The Nepali Patra Weekly, October 29, 2010, claims that the US has all of a sudden acquired an active posture in Nepali politics. The US is entirely convinced that the Nepali political actors and political parties were an incompetent lot and to expect positive results from them would be a self defeating exercise, writes the weekly referring to various sources in Kathmandu.
"The US is overly concerned over the increasing hobnobbing between leaders of the largest party in the Constituent Assembly, Unified Maoists and Communist China. The current state of Nepali politics is not appropriate for institutionalizing democracy in the country. And, the continuation of political deadlock could lead to the state capture by the Maoists with the support of the Chinese", the US has also comprehended.The US basically fears that Nepal could become ultimately another North Korea in Asia, the weekly reveals.
Sources have told the weekly newspaper that the US is in favor of "reviving monarchy in Nepal".
Interestingly, the report reveals that the US is not in favor of reinstating Gyanendra Shah as just as a Constitutional Monarch but it wants to see the former sovereign as an "active monarch". Sudden twist in Nepali politics?
6 comments:
Isn't this typical. You never miss the water until the well runs dry.
OK, OK... now how about trying that with Afghanistan, and Iraq?
How do you manage to put both..
'The current state of Nepali politics is not appropriate for institutionalizing democracy in the country.' and then..
'the US is in favor of "reviving monarchy in Nepal"
..and fail to see the contradiction.
A monarch is everything that a democracy shouldn't be, an unelected head with no accountability and in effect a dictator.
It seems you fail to see that a crowned democracy is not contradictory, but the ultimate form of government that garantees individual liberties and participation of everybody in the political process.
A King or a Queen under a Constitutional Monarchy is never obliged to any political party like a president is. They are not elected and they don't belong to any party, therefore nobody can accuse them of supporting a specific group or only the decisions/ideas innitiated by a group. They are above all minor or major political clinches/arguments and only their prestige is what calms down spirits, not their inexistent powers.

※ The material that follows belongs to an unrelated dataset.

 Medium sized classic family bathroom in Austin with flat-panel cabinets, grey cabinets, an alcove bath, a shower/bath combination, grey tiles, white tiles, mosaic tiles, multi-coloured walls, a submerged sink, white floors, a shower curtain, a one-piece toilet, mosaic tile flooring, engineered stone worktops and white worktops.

A monarch is everything that a democracy shouldn't be, an unelected head with no accountability and in effect a dictator.
Could you please name one living Monarch who acts like a dictator? Even the most powerful Monarchs – King Abdullah of Saudi Arabia or Sultan Qaboos bin Said al-Said of Oman – have less personal power than presidential dictators like Robert Mugabe of Zimbabwe or Raùl Castro of Cuba, not to mention the republican oligarchy that rules China or North Korea.
According to you, Queen Elizabeth must be styled a dictator? In which country do you live? Manchester must be in cloud cuckoo land.
I meant dictatorial in the sense that they cannot be removed by any form of voting, their power is assured no matter what they choose to do with it.
She's only above the political fray because she has nothing to do with it and the only times she wields her power you have to ask who gave her the right to make that decision?
One of the major problems for me isn't that the monarch themselves make undemocratic decisions, but that through the crown parliament is allowed to make undemocratic decisions. i.e. Royal prerogative, Privy council etc.
What "powers" does the British/Australian Monarch have? Does she really "threaten" you? I feel much more threatened by the politicians' powers - and any president would be either a politician or a politicians' puppet.
A Monarch's position is not just inherited. Take the Australian example: The 1999 referendum gave the Monarchy a democratic legitimacy. The people wanted the Monarch to continue.
The father of modern sociology, Max Weber, pointed out that governments draw their legitimacy from three basic sources: traditional, religious, and legal. The first two are self-explanatory; by "legal," Weber meant Western-style democracies based on popular representation and the rule of law.